**WHAT THE EXERCISE ASKS**.
Although the entries contain pictures, write out only their text, exactly as it stands.

[Records excerpted from a collection]
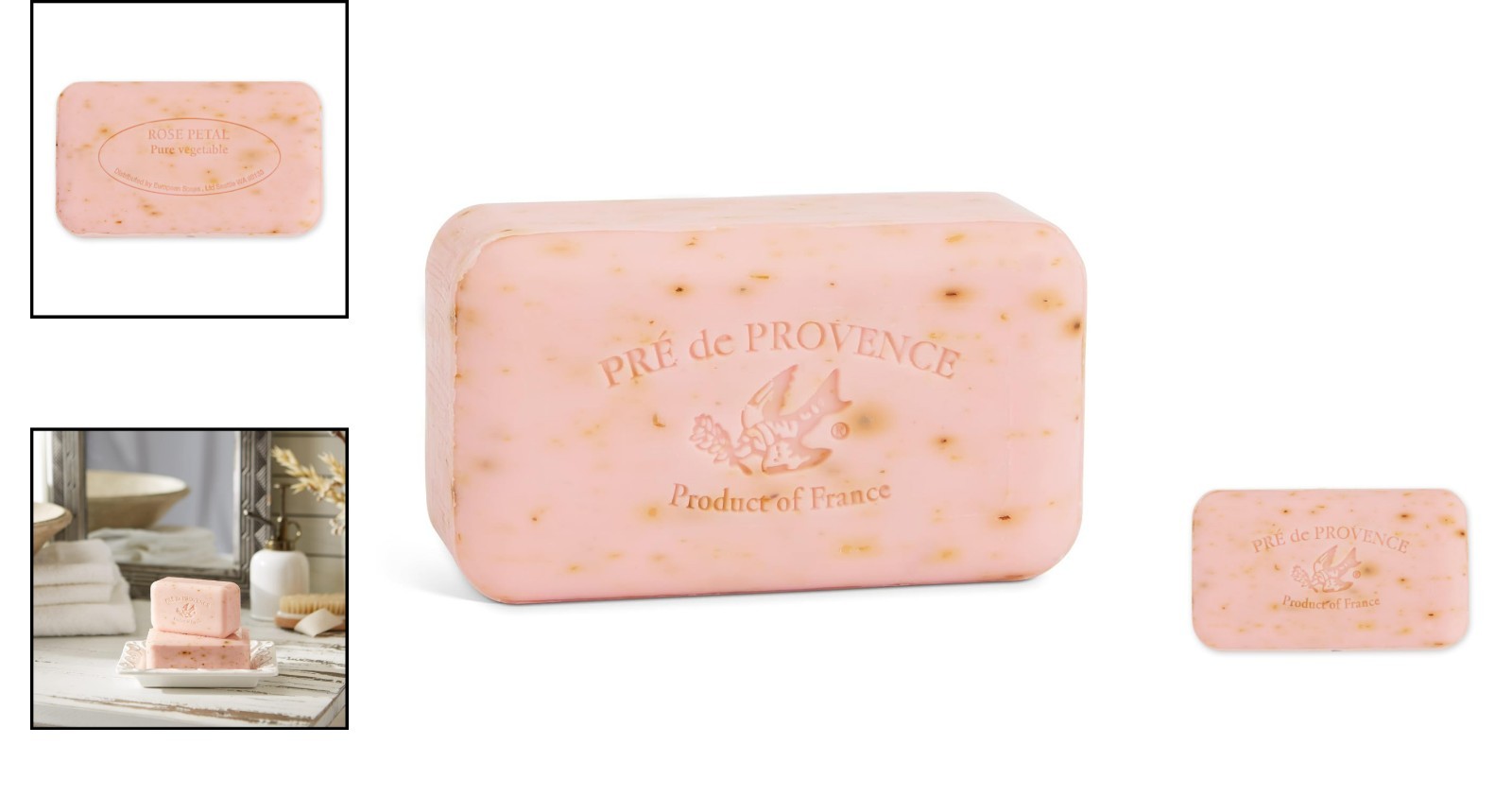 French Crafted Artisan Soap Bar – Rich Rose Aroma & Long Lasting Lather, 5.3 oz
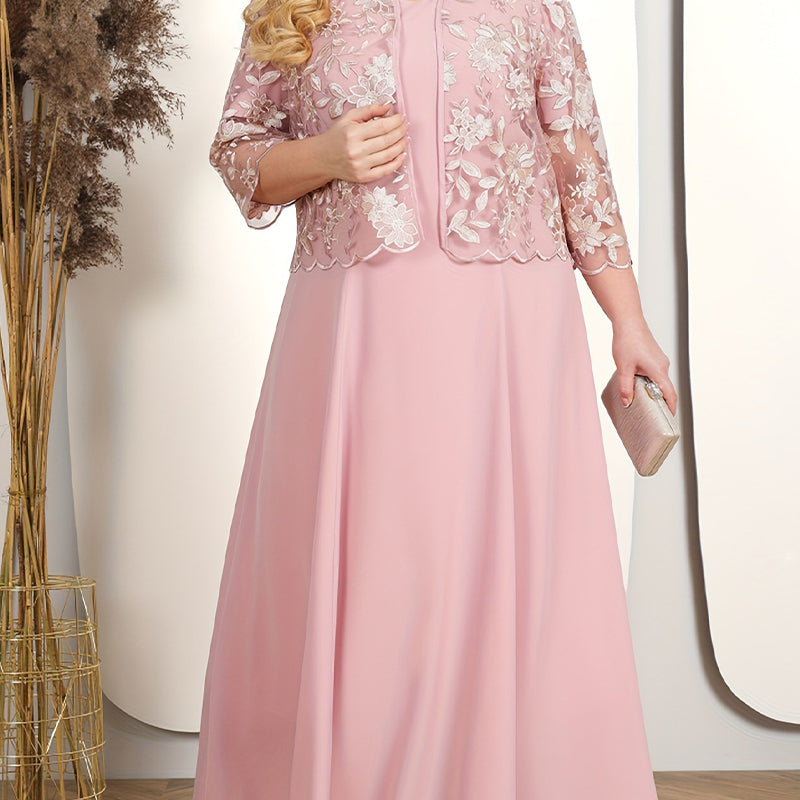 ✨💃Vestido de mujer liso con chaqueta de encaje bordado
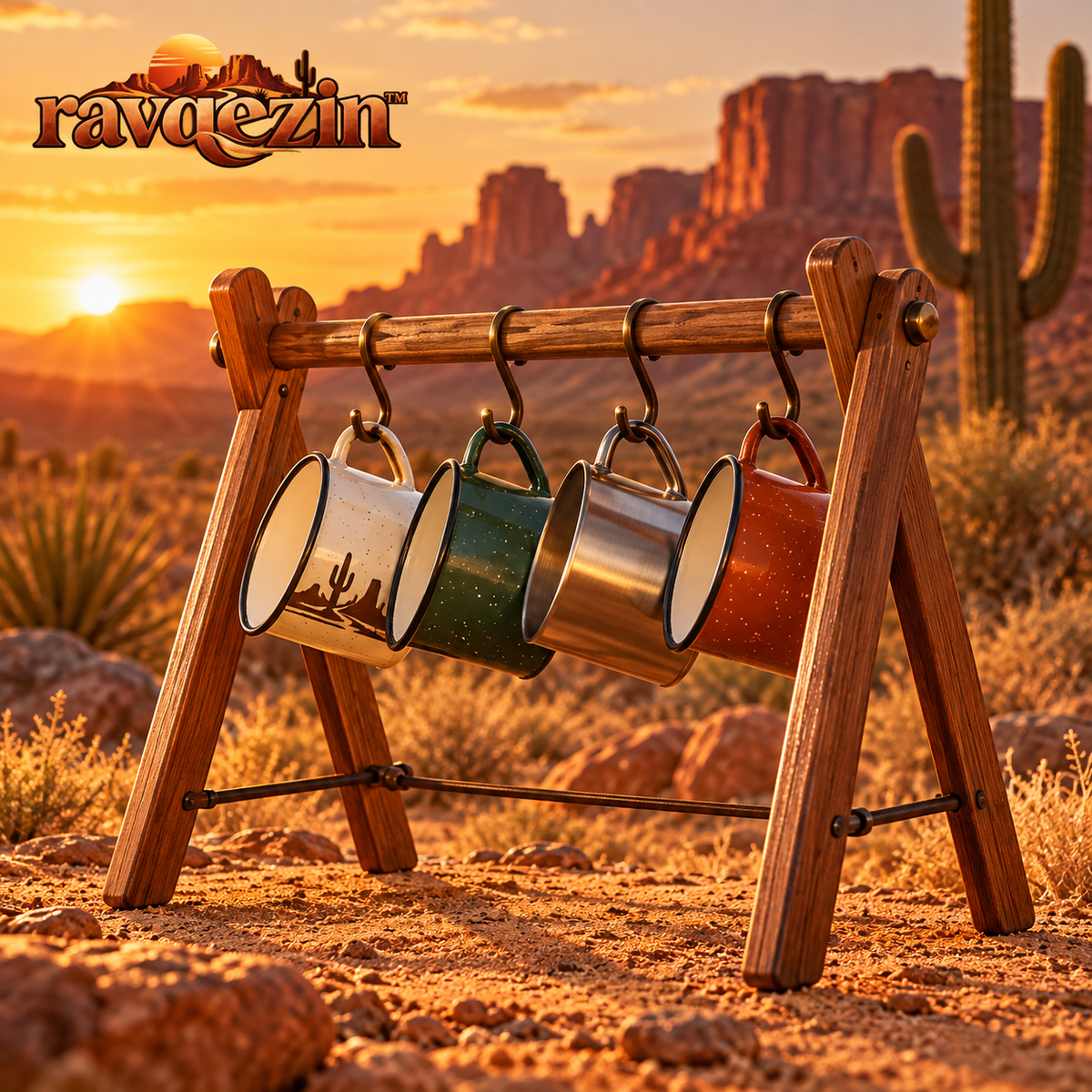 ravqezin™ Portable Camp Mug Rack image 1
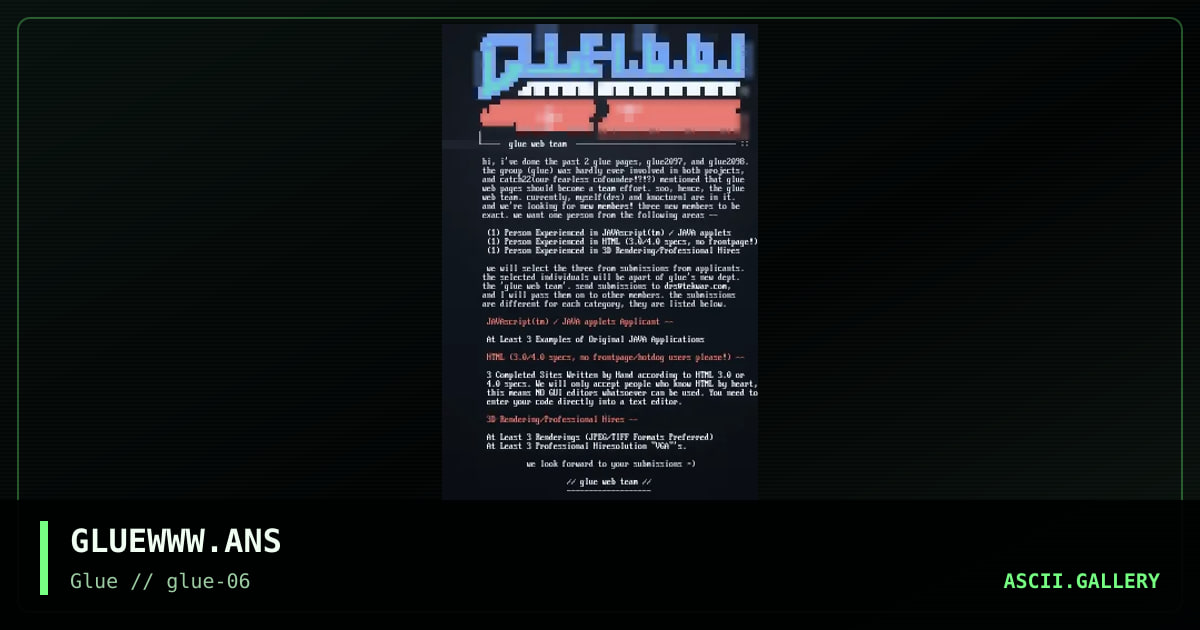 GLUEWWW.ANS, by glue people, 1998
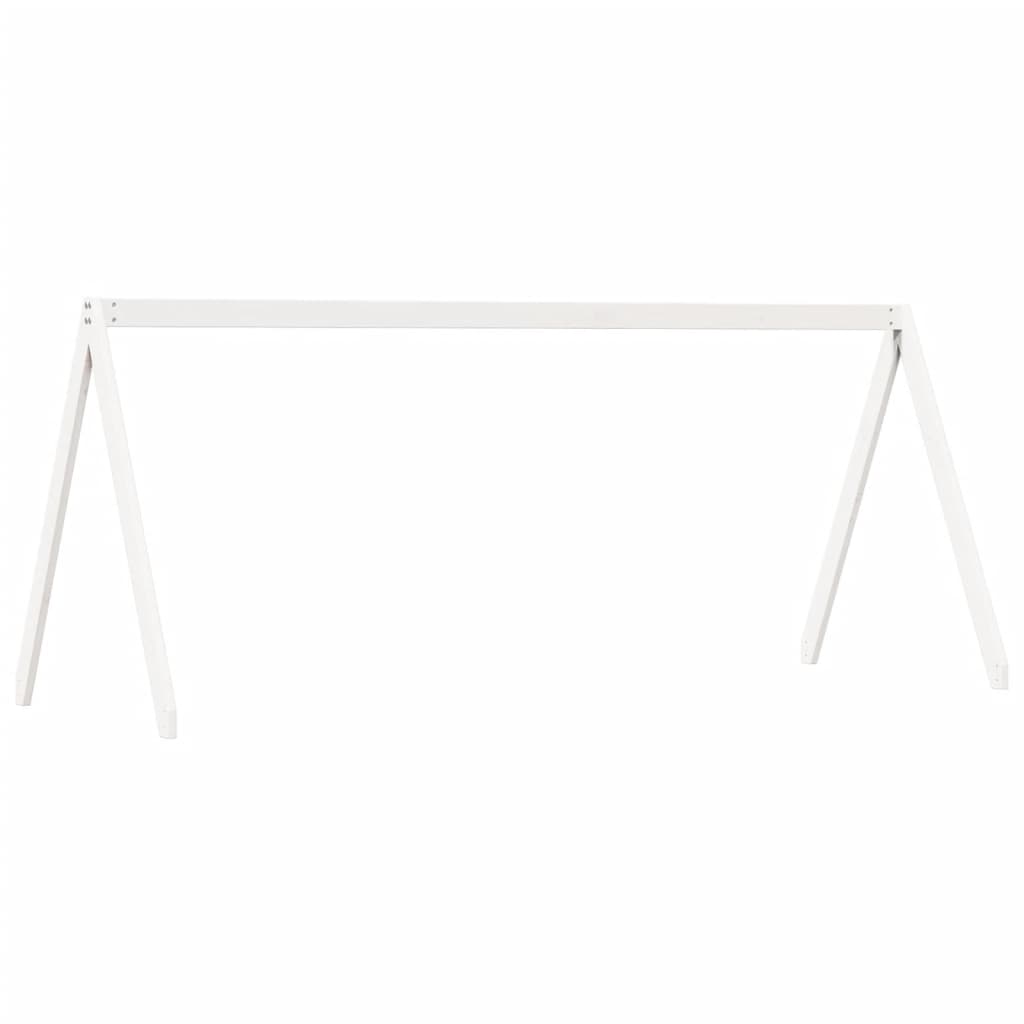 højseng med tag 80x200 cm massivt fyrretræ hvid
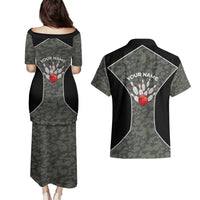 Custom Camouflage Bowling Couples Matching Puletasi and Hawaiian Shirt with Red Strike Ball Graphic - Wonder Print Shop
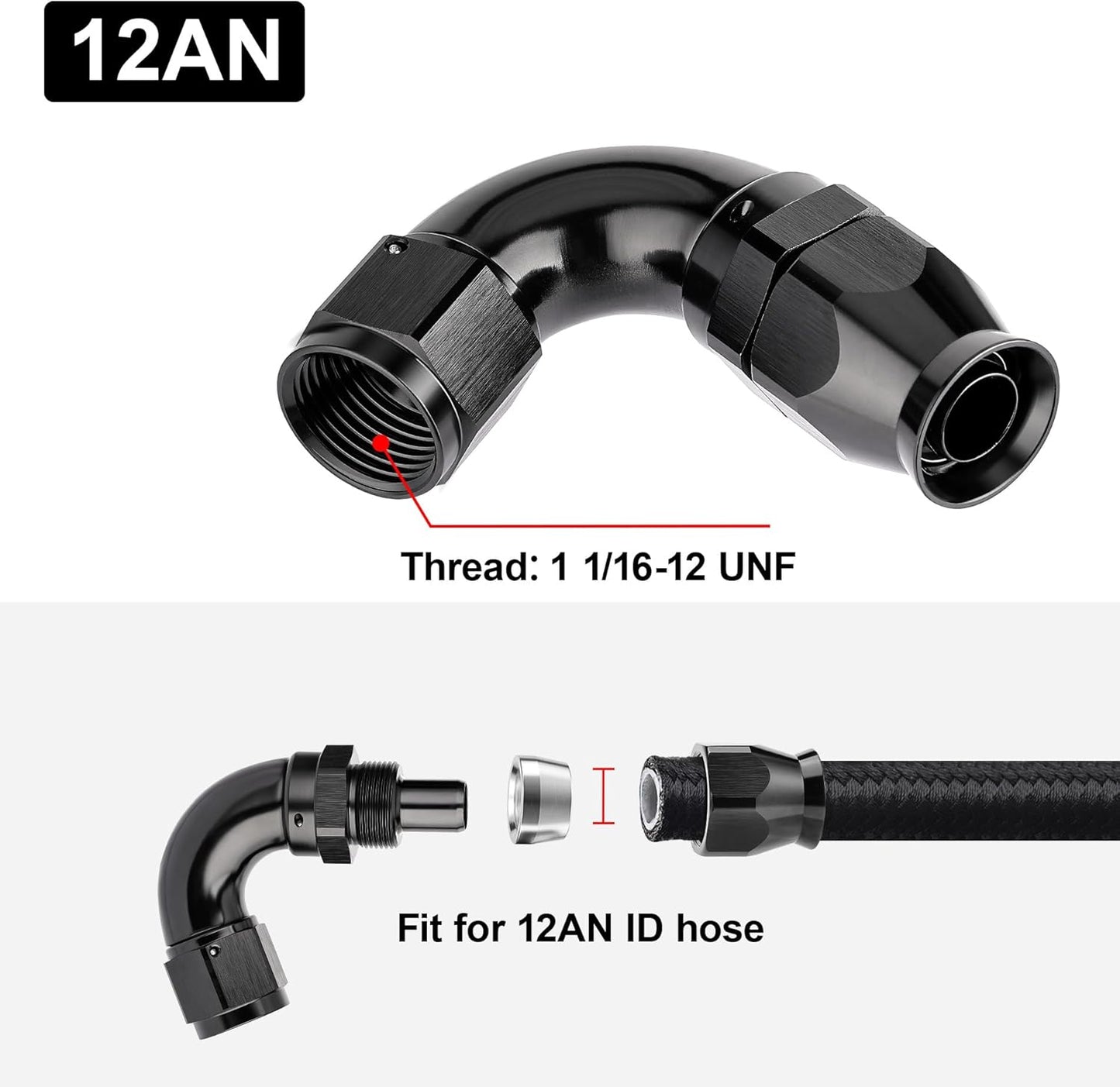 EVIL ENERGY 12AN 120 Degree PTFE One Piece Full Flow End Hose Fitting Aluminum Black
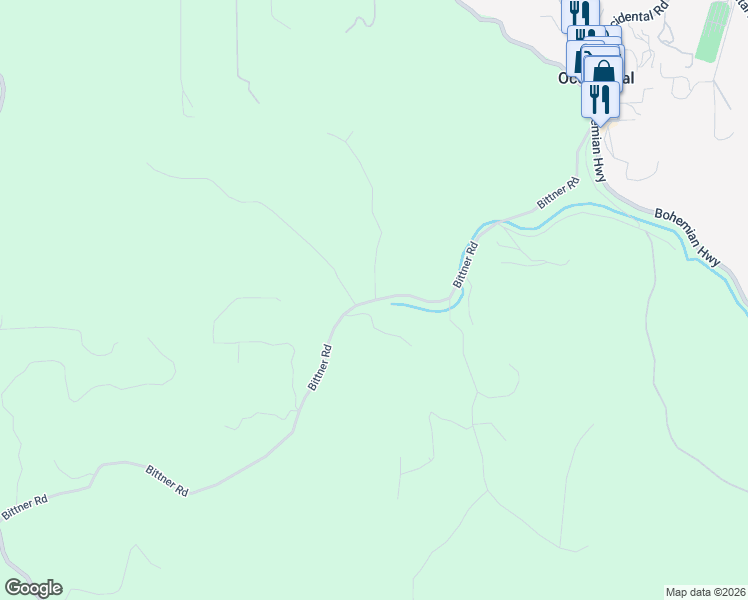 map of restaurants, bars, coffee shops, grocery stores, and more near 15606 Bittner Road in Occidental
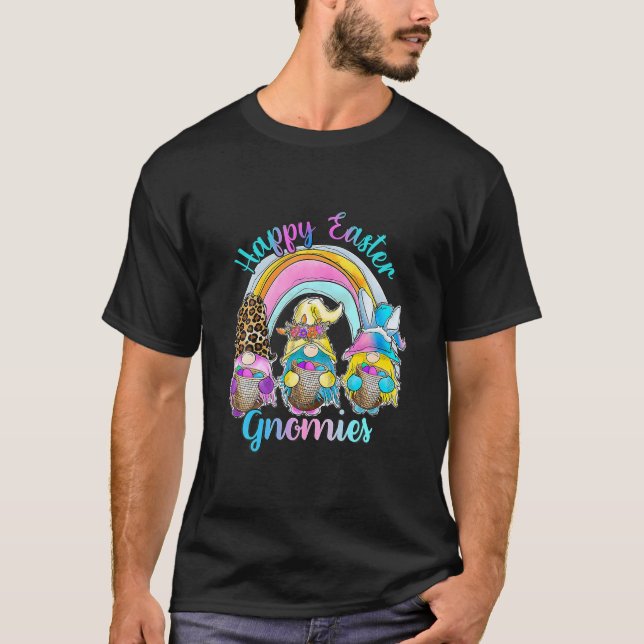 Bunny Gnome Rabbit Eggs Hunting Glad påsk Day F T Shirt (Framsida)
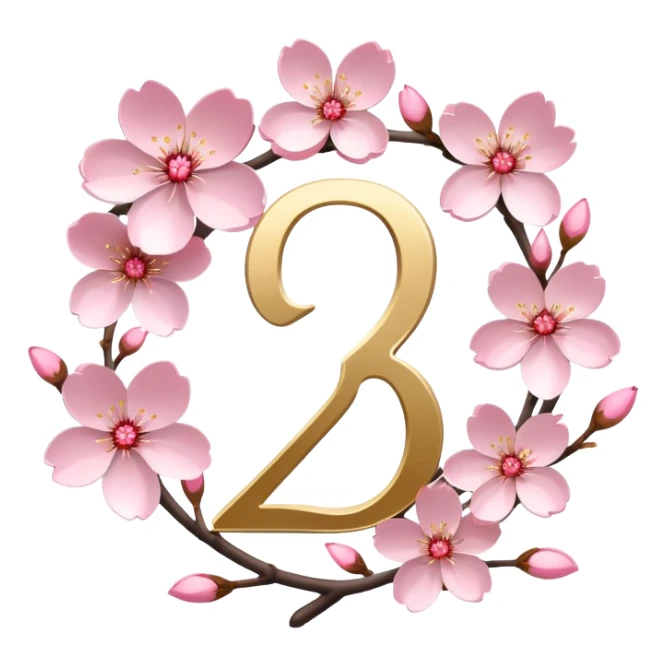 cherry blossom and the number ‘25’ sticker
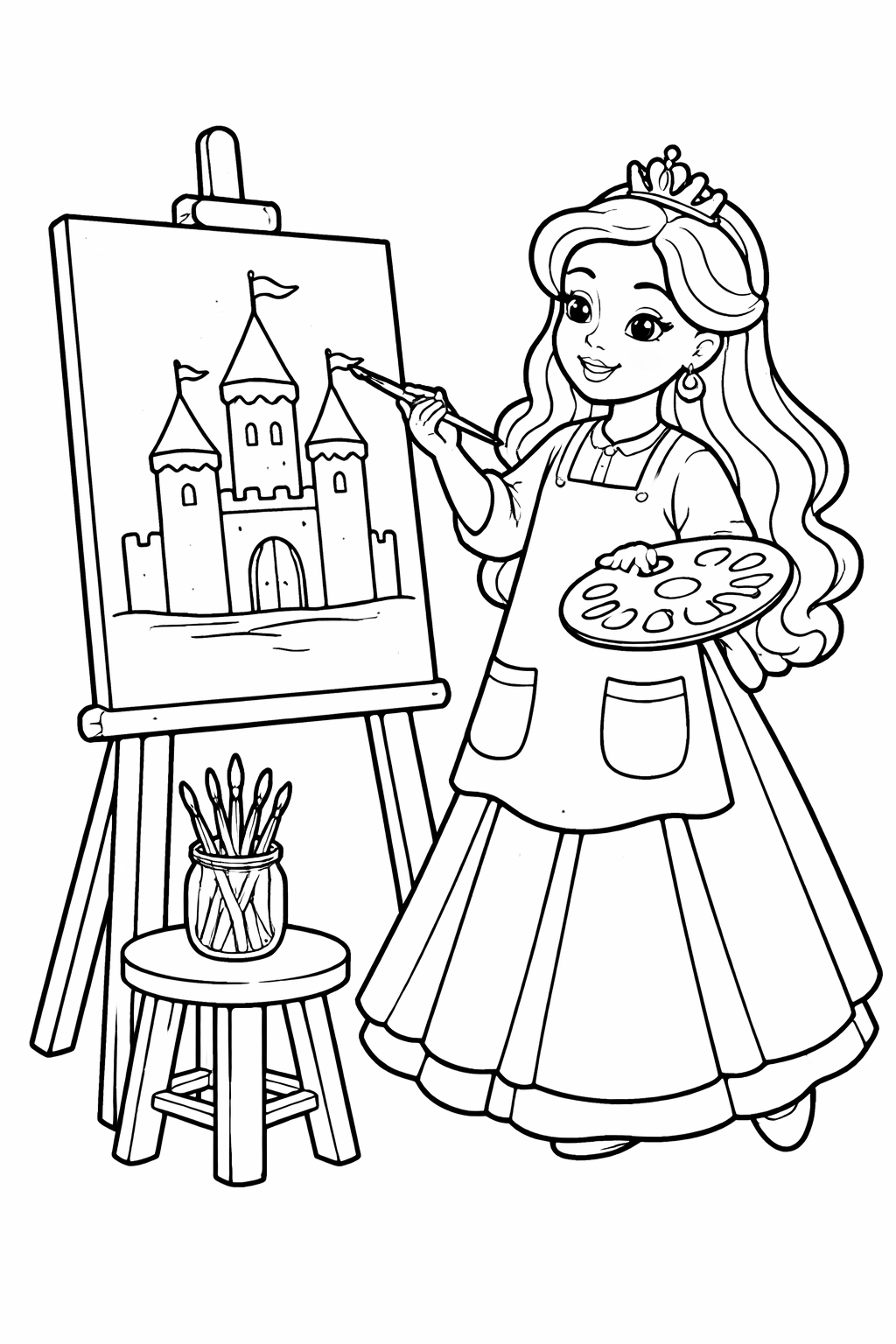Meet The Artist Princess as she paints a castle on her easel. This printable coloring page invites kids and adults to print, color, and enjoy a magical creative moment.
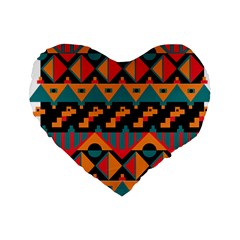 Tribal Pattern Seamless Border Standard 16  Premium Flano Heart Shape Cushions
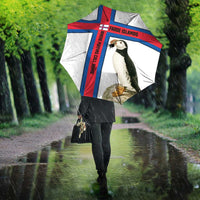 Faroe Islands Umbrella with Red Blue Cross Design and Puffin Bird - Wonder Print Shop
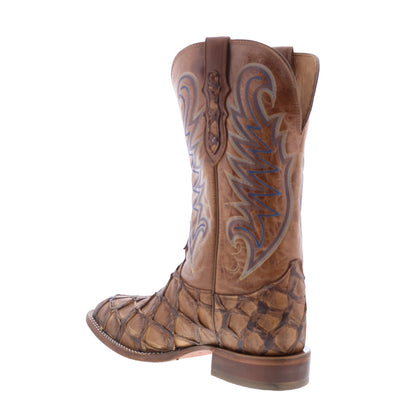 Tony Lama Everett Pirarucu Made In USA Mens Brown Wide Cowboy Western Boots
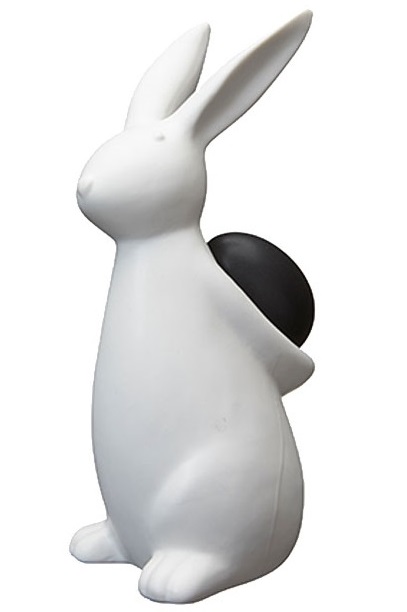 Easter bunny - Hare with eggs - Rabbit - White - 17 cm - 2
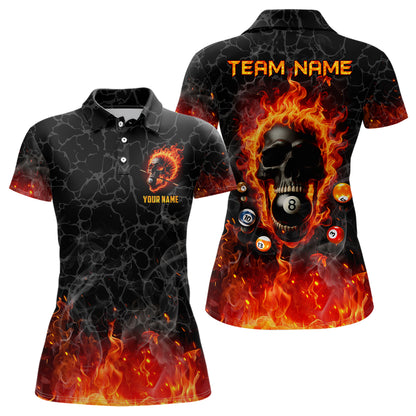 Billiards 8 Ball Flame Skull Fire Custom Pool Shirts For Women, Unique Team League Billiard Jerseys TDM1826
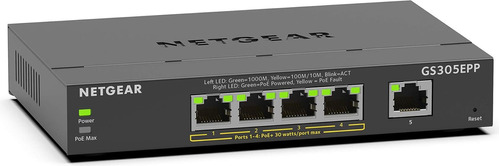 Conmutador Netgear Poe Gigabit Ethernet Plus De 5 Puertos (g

**ANSWER**.
 French Crafted Artisan Soap Bar – Rich Rose Aroma & Long Lasting Lather, 5.3 oz
 ✨💃Vestido de mujer liso con chaqueta de encaje bordado
 ravqezin™ Portable Camp Mug Rack image 1
 GLUEWWW.ANS, by glue people, 1998
 højseng med tag 80x200 cm massivt fyrretræ hvid
 Custom Camouflage Bowling Couples Matching Puletasi and Hawaiian Shirt with Red Strike Ball Graphic - Wonder Print Shop
 EVIL ENERGY 12AN 120 Degree PTFE One Piece Full Flow End Hose Fitting Aluminum Black
 map of restaurants, bars, coffee shops, grocery stores, and more near 15606 Bittner Road in Occidental
 Bunny Gnome Rabbit Eggs Hunting Glad påsk Day F T Shirt (Framsida)
 cherry blossom and the number ‘25’ sticker
Meet The Artist Princess as she paints a castle on her easel. This printable coloring page invites kids and adults to print, color, and enjoy a magical creative moment.
 Tribal Pattern Seamless Border Standard 16  Premium Flano Heart Shape Cushions
 Faroe Islands Umbrella with Red Blue Cross Design and Puffin Bird - Wonder Print Shop
 Tony Lama Everett Pirarucu Made In USA Mens Brown Wide Cowboy Western Boots
 Easter bunny - Hare with eggs - Rabbit - White - 17 cm - 2
 Billiards 8 Ball Flame Skull Fire Custom Pool Shirts For Women, Unique Team League Billiard Jerseys TDM1826
 Conmutador Netgear Poe Gigabit Ethernet Plus De 5 Puertos (g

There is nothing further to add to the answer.